(Short descriptive text snippets)
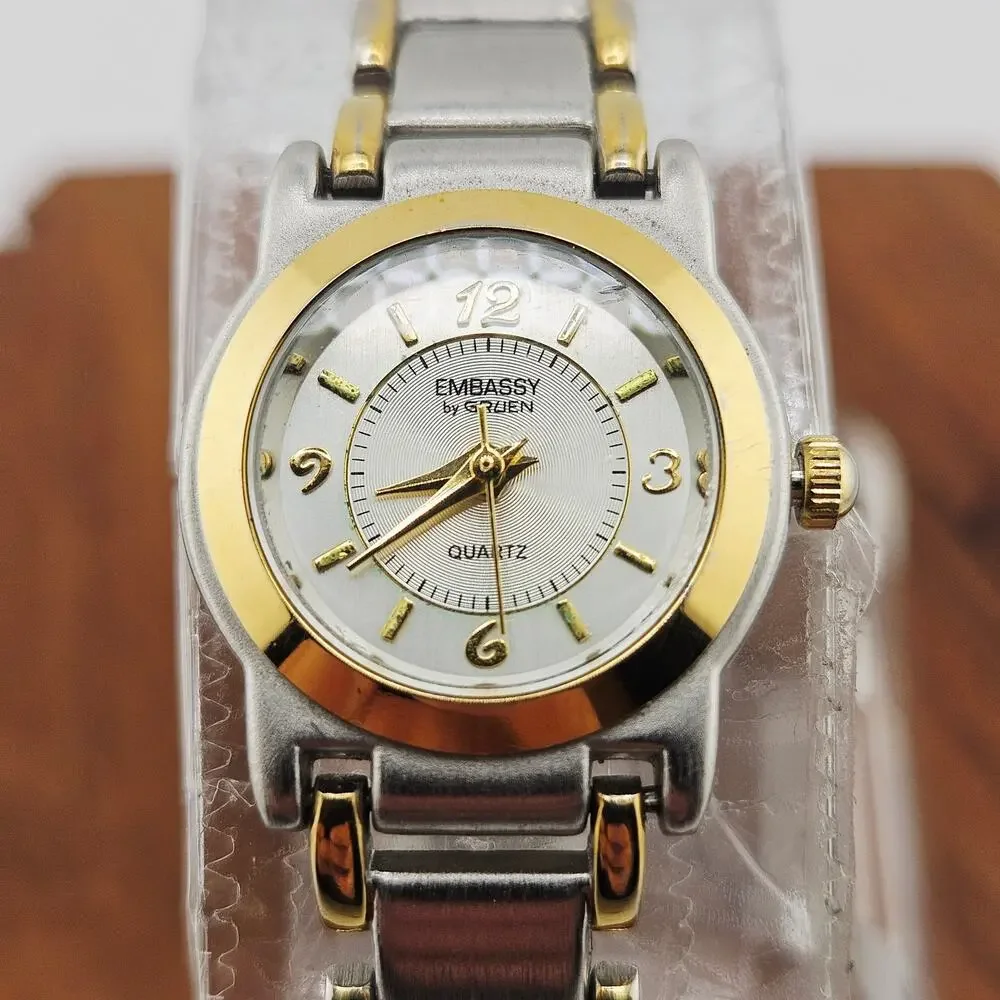 Embassy By Gruen Womens Two Tone Metal Watch Contemporary Simple Classy Everyday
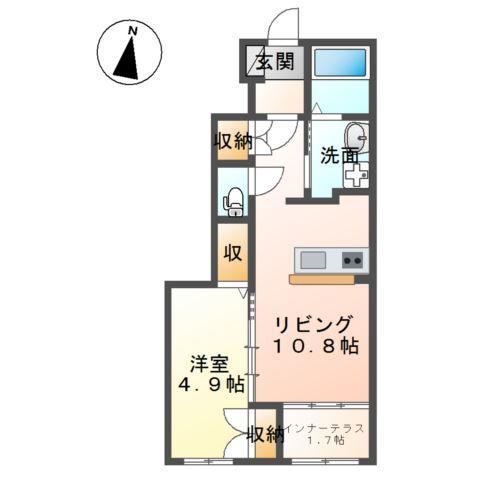 グラシアスA(1LDK/1階)の間取り写真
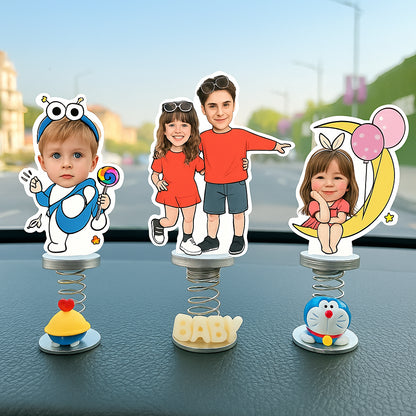 Custom photo car bobblehead big head ornament spring base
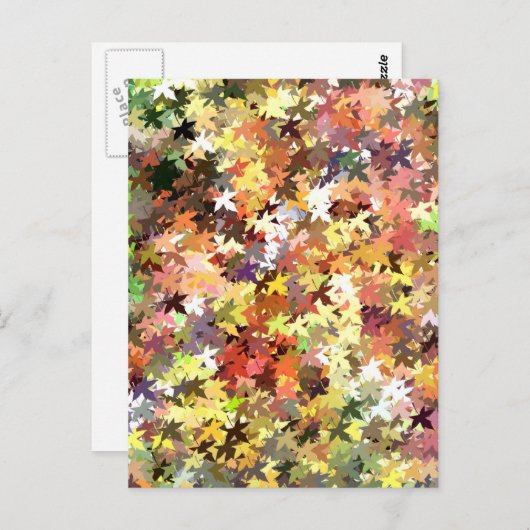 CARTE POSTALE ARBRES D'AUTOMNE (Devant / Derrière)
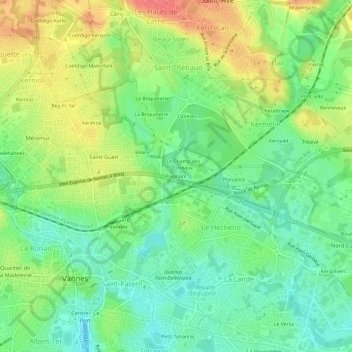 Poignant topographic map, elevation, terrain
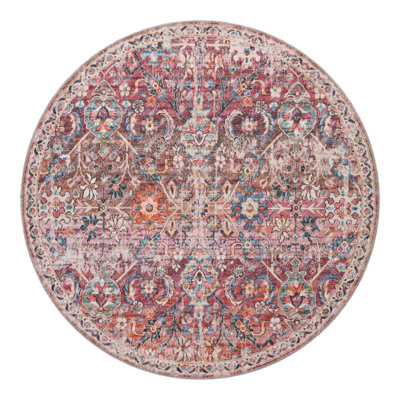 Engelhardt Floral Machine Made Power Loom Chenille Area Rug in Ivory/Pink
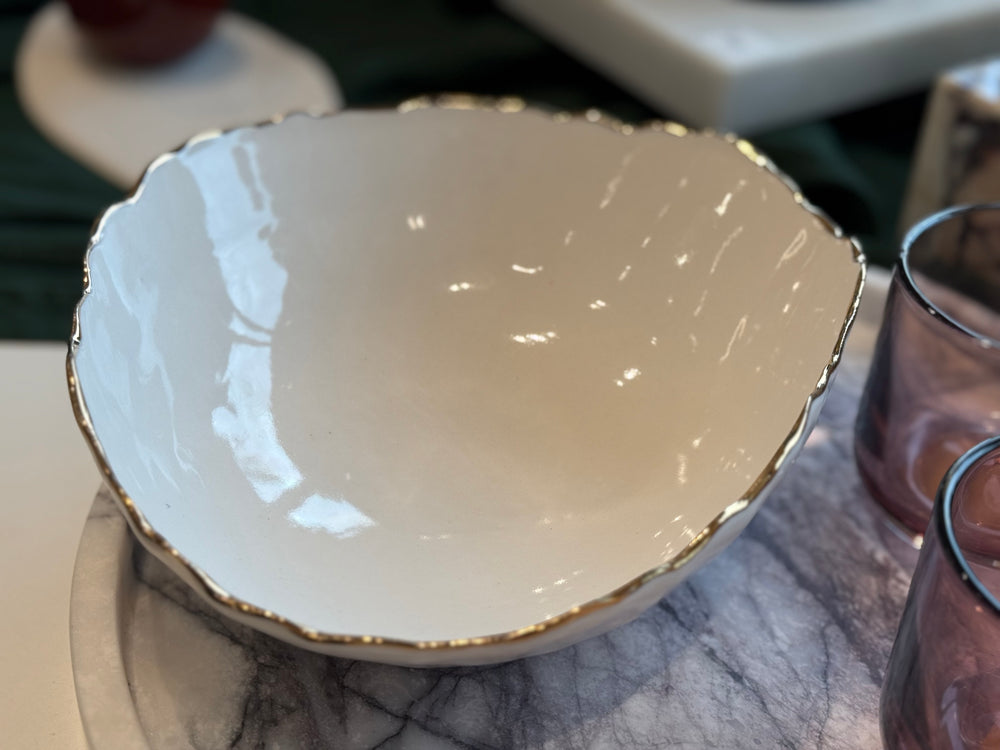 Filipa Pimentel Artisan handmade bowls with gilded edge-Small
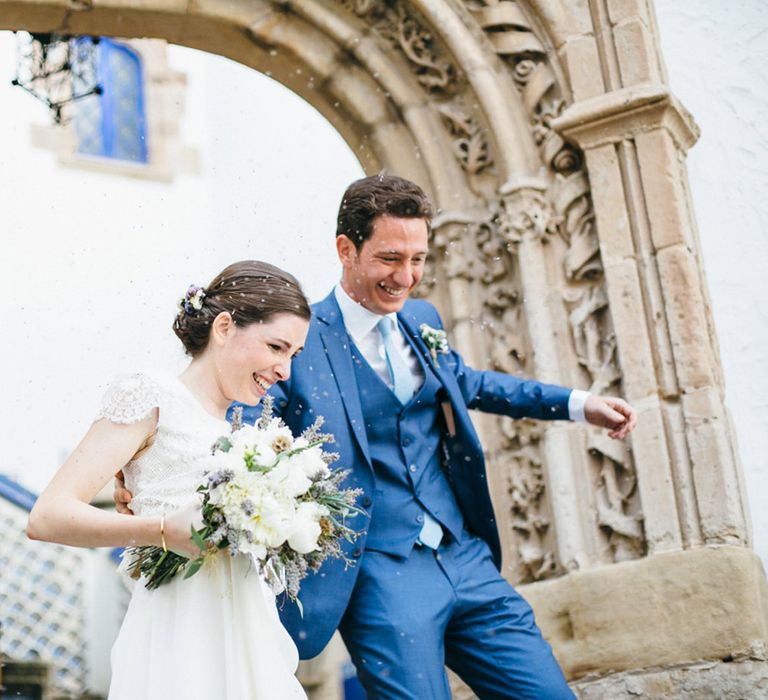 Bride in Verónica Miranda Bridal Separates & Groom in Navy Suit by The Fitters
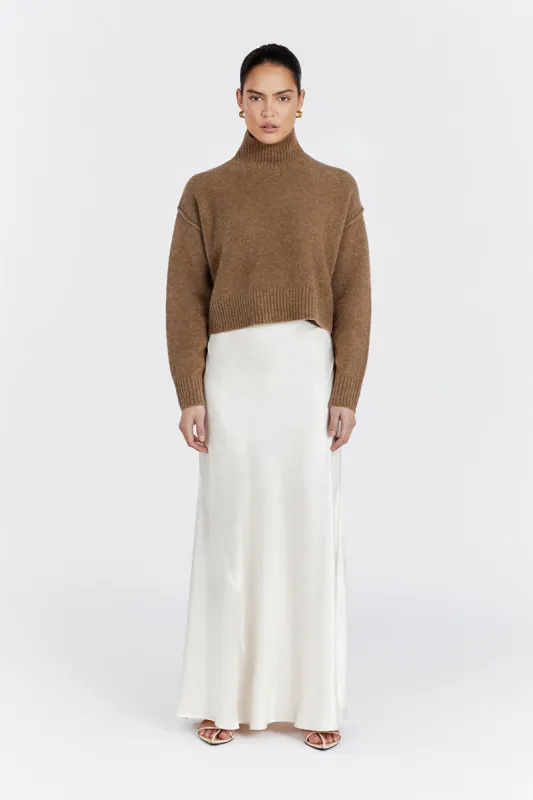 CLEO CHOC CROPPED JUMPER sold by Dissh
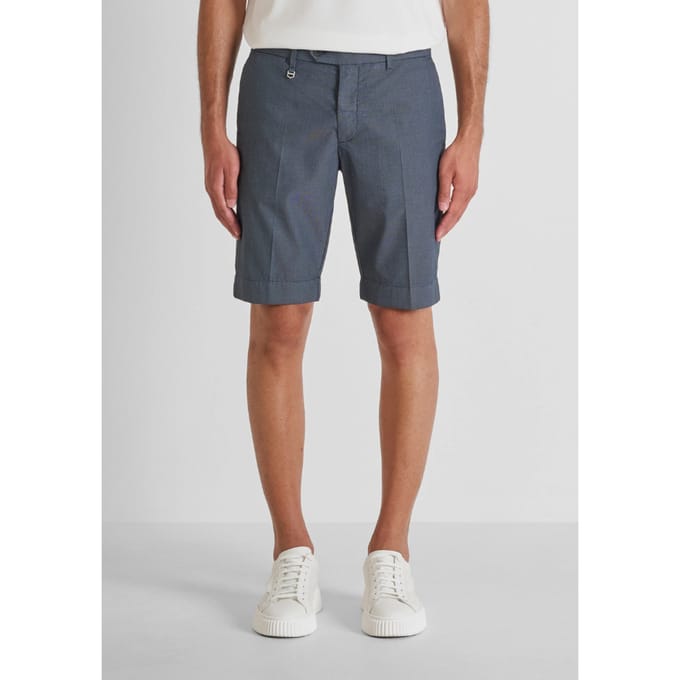shots mager fit man blauw marine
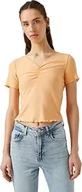 Koszulki i topy damskie - Koton Damska koszulka z krótkim rękawem Ruffle Basic, Pomarańczowy (201), S - miniaturka - grafika 1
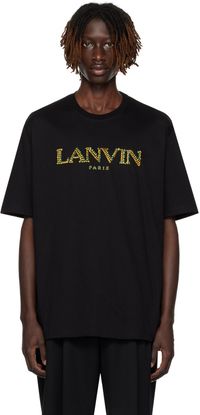 Lanvin T-shirt noir à logo brodé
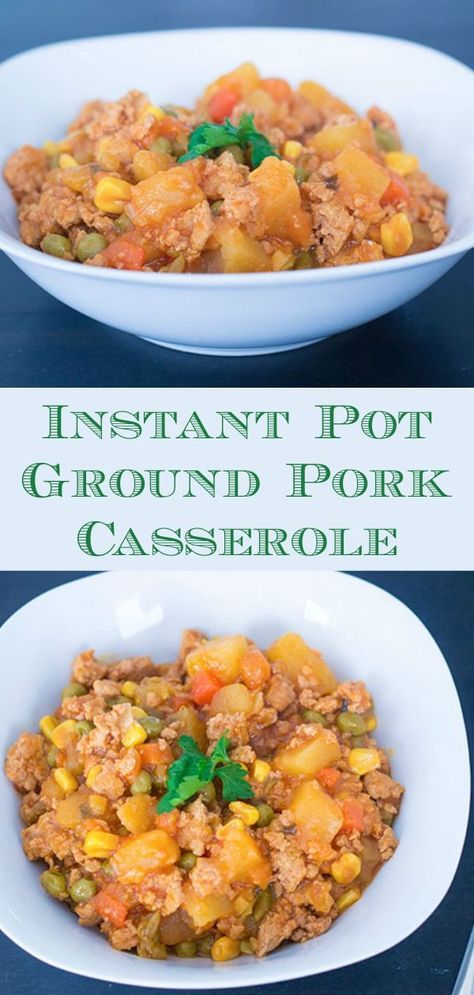 For a quick weekday meal, this Easy Instant Pot Ground Pork Casserole is a must-try! Great in the Instant Pot or the slow cooker, it's inexpensive and full of flavour. And it's ready in just 30 minutes! A kid-friendly and hearty supper. #instantpot #slowc Ground Pork Casserole, Pork Casserole Recipes, Pork Casserole, Ground Pork Recipes, Baby Recipes, Instant Pot Pork, Popular Food, Instant Recipes, Easy Instant Pot Recipes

** Your goal **
Leave the pictures aside and print exactly, and only, the lines from the one with "Engelhardt Floral Machine" through the end of the data, both included.

** Reply **
 Engelhardt Floral Machine Made Power Loom Chenille Area Rug in Ivory/Pink
 Filipa Pimentel Artisan handmade bowls with gilded edge-Small
 Bride in Verónica Miranda Bridal Separates & Groom in Navy Suit by The Fitters
 CLEO CHOC CROPPED JUMPER sold by Dissh
shots mager fit man blauw marine
 Koszulki i topy damskie - Koton Damska koszulka z krótkim rękawem Ruffle Basic, Pomarańczowy (201), S - miniaturka - grafika 1
 Lanvin T-shirt noir à logo brodé
 For a quick weekday meal, this Easy Instant Pot Ground Pork Casserole is a must-try! Great in the Instant Pot or the slow cooker, it's inexpensive and full of flavour. And it's ready in just 30 minutes! A kid-friendly and hearty supper. #instantpot #slowc Ground Pork Casserole, Pork Casserole Recipes, Pork Casserole, Ground Pork Recipes, Baby Recipes, Instant Pot Pork, Popular Food, Instant Recipes, Easy Instant Pot Recipes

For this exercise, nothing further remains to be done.